Findora’s building the world’s next financial services infrastructure
Findora, a Stanford-based startup, is developing a blockchain-based common financial infrastructure it believes will solve many problems plaguing the current version, leadership team member John Powers said.
For 10 years Mr. Powers ran Stanford’s $25 billion endowment fund. That decade included 2008, an experience which is helping shape Findora.
“It gave me a unique lens on the
financial system and how we have to provide better solutions for end users,”
Mr. Powers said.
Following his time at Stanford, Mr.
Powers was working for Credit Suisse when he began to meet what would become Findora’s
founding team, many of whom are top researchers at Stanford. At the time he was
aware of blockchain technology, but Mr. Powers said his introduction was
through Bitcoin, which he was less impressed with as he doubted its ability to
serve as a replacement for fiat currency.
But once Mr. Powers separated
blockchain technology from Bitcoin, he became more excited as he saw its
possible applications in financial services. Financial services firms operate
what are essentially proprietary databases that are inefficient in the digital
economy. They tend to have bad interoperability, slower processing speeds, poor
throughput and are difficult to monitor for compliance and certification. Even
then the control rests with the owners of those inefficient databases and not
with the consumers generating the data.
“At its core blockchain and cryptographic technology focus on
translucency and performance,” Mr. Powers said. “We are trying to create
something that is universal and places the power in the end user rather than the
Findora’s vision is to develop a common infrastructure which
brings key benefits. A common ledger eliminates proprietary data silos which
are both costly and laborious to protect. That frees up capital to develop
better services and lower financing costs.

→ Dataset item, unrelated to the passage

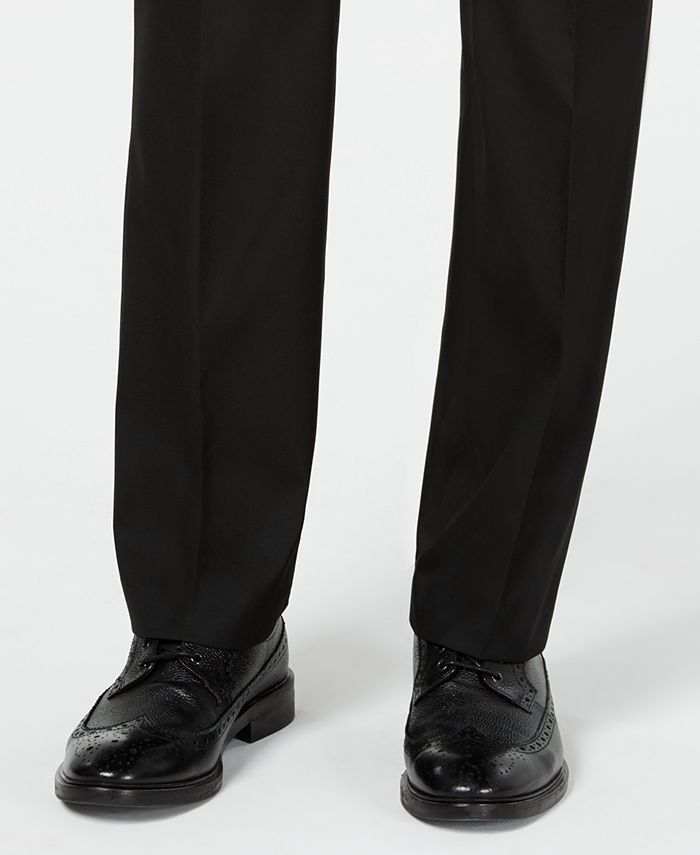 Van Heusen Men's Slim-Fit Flex Stretch Wrinkle-Resistant Black Solid ...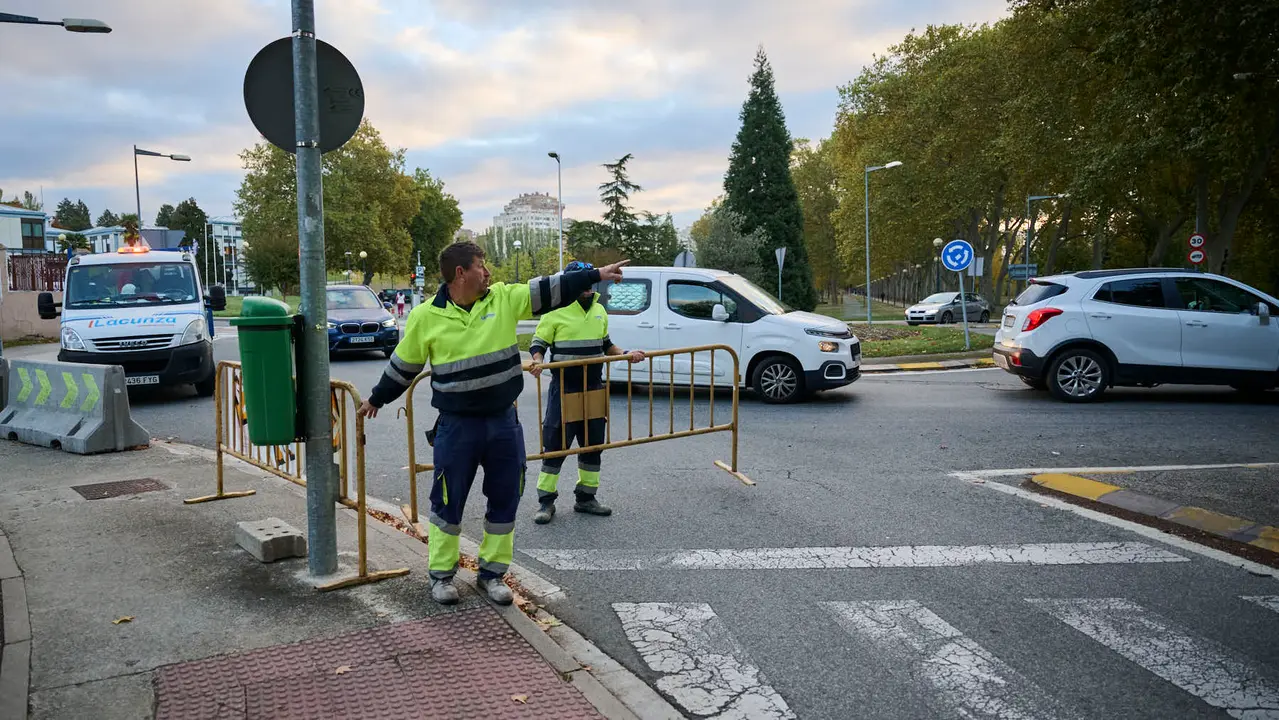 Cierre completo de la carretera de la Universidad de Navarra para hacerla de un sentido con una vía ciclable. PABLO LASAOSA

A single infrastructure will also foster entrepreneurism and
benefit people in need by lowering the barriers to entry into financial
services. That brings competition, better capital efficiency and reduced risk. A
common ledger fosters interoperability and allows users to manage, authenticate
and authorize direct transfers and asset transactions, a key step on the path
to a new global economic model prioritizing the end user.
“We believe we can act as a public platform in the middle that
mediates between two islands of proprietary (or not) blockchains and create a
Switzerland with appropriate revealed information that allows enterprises to operate
on their own while their information gains access,” Mr. Powers said.
The transfer of power begins with zero knowledge proofs, Mr.
Powers said. They are translucent and allow for regulatory oversight without
giving actual access which the end user may not want to provide. Some members of
Findora’s founding team are from the crypto labs at Stanford and they are
well-versed in zero knowledge proof applications, Mr. Powers said.
Peer-to-peer lenders are one group who benefit from zero knowledge
proofs, Mr. Powers said. They allow platforms to retain proprietary information
while also increasing their credibility and accountability.
“It provides that translucency by allowing regulators to come in
without knowing things about the business they shouldn’t know,” Mr. Powers
Findora has built upon zero knowledge proofs by introducing “Bulletproofs”,
Mr. Powers said. Designed by chief scientist Benedikt Bunz, Bulletproofs are
designed to increase throughput efficiency. Their cryptographic accelerator
will provide the high levels of throughput financial services firms require.
The Finsense consensus model supports the infrastructure and validators by
providing trusted validators with economic incentives to maintain integrity, a
crucial trait as transactions become more valuable once Findora scales.
“Then we don’t have to worry about the fox guarding the henhouse
and validators running off with wealth,” Mr. Powers said.
These measures, plus Findora’s base as a public domain service and
not private business, has it well-positioned to be a neutral broker and the
underlying platform for the Internet of Financial Services, Mr. Powers said.
Their technology is open source, and they hope entrepreneurs use it to develop
a broad range of applications that form the foundation for a transformation of
financial services as we know it. More trust, more creativity, more inclusion.
Establishment banks, known to be slow to change, will eventually
have to get on board as sentiment shifts, Mr. Powers believes. And as these new
applications prove their worth and the big banks respond in kind, regulators
(who are still learning the technology) will see a reduced burden.
While the developed world will see significant benefits from this shift, what will happen in emerging regions will truly be remarkable, Mr. Powers said. Just as mobile technology allowed regions to leapfrog the landline, blockchain technology will let many of those same places quickly go from no financial services infrastructure to a robust system.
By providing a harmonized infrastructure early in blockchain
technology’s development, Findora hopes to be a key contributor to the improved
financial wellness of people around the world, Mr. Powers concluded.
“We think we have a big vision that puts power in the hands of the
end user and fosters interoperability while preserving confidence. Ultimately
this will allow for an explosion in the delivery of financial services.”